> [RECORDS]:

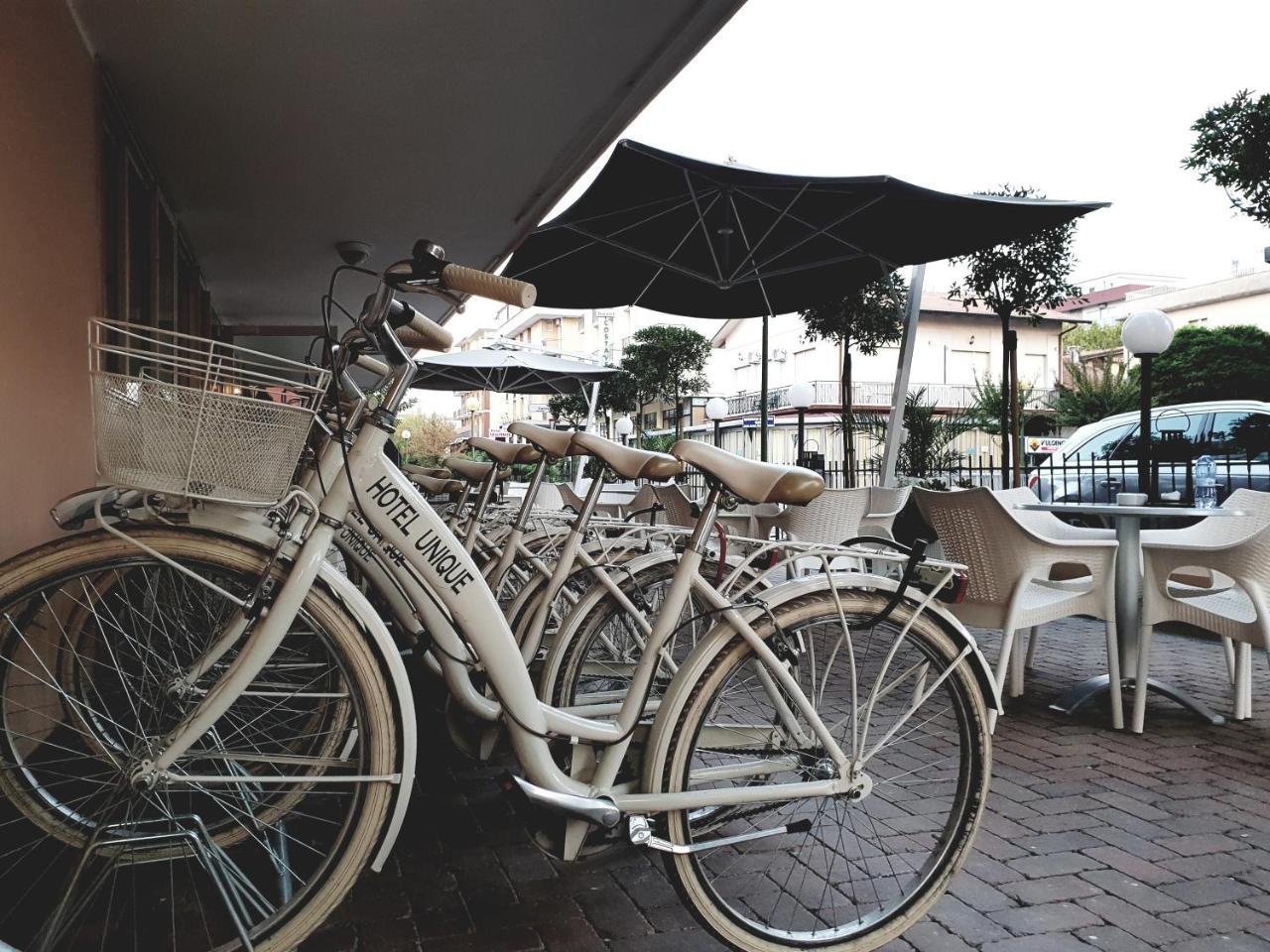 Unique Hotel Cesenatico Exteriör bild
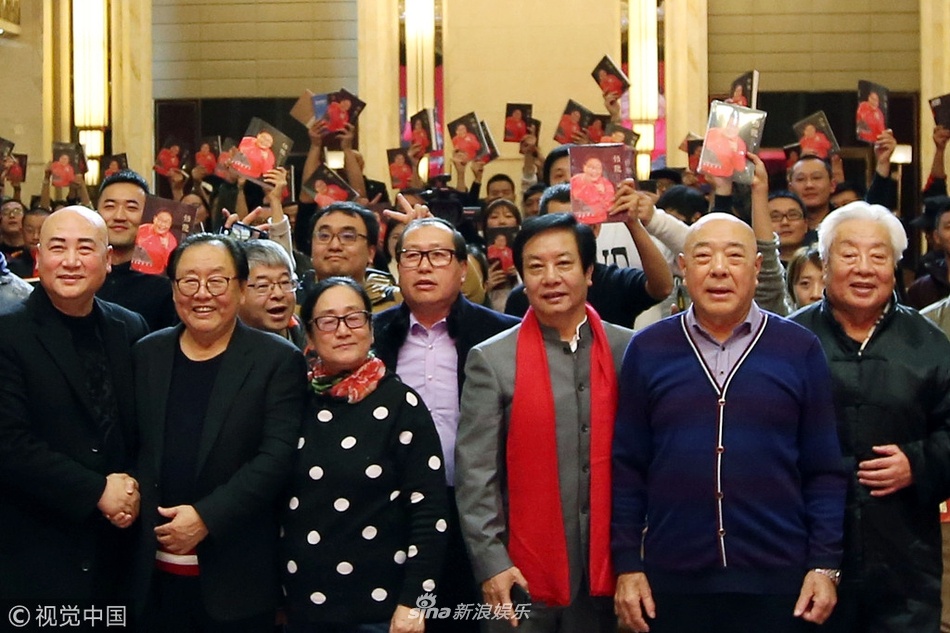 Dan sao Tay du ky 1986 hoi ngo anh 6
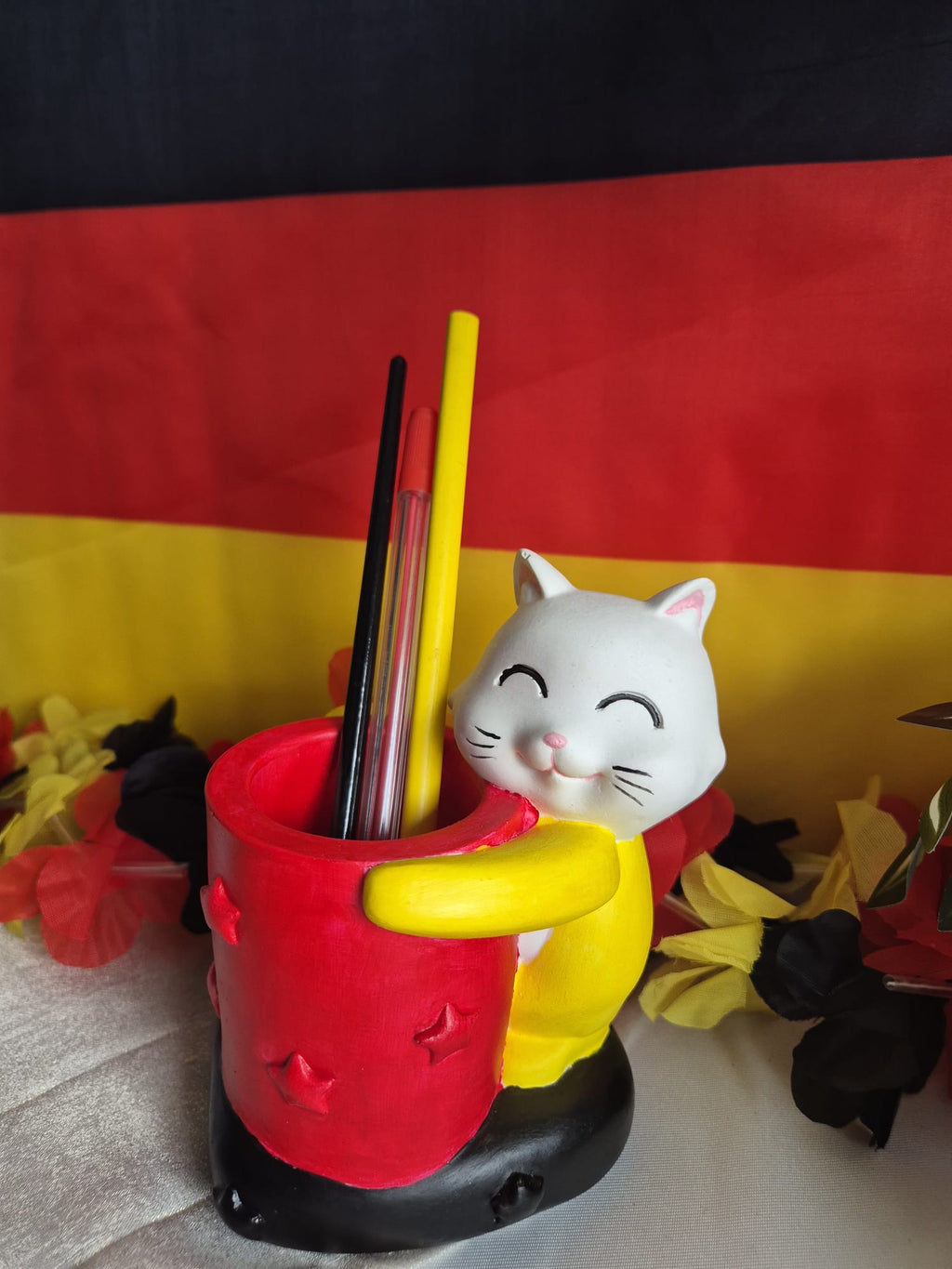 Katze Pisi – Deutschlands kleine Glückskatze 🇩🇪 | Limitierte Sonderedition 2026 - Nur 5 Stück verfügbar – exklusiv für Deutschland und die Fußballsaison 2026 handbem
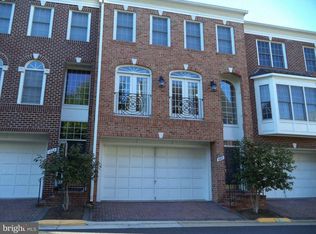 6812 Rigby Ln, Mc Lean, VA 22101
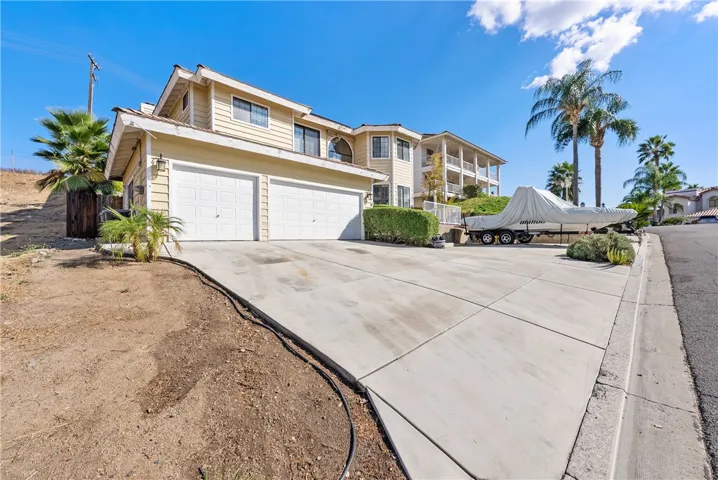 29260 Mammoth Place, Canyon Lake, California 92587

> [TO DO]: The answer must be the lines above, word for word, from the first one through the line with "6812 Rigby Ln, Mc Lean, VA 22101", pictures excluded.

> [COMPLETED EXERCISE]:
 Unique Hotel Cesenatico Exteriör bild
 Dan sao Tay du ky 1986 hoi ngo anh 6
 Katze Pisi – Deutschlands kleine Glückskatze 🇩🇪 | Limitierte Sonderedition 2026 - Nur 5 Stück verfügbar – exklusiv für Deutschland und die Fußballsaison 2026 handbem
 6812 Rigby Ln, Mc Lean, VA 22101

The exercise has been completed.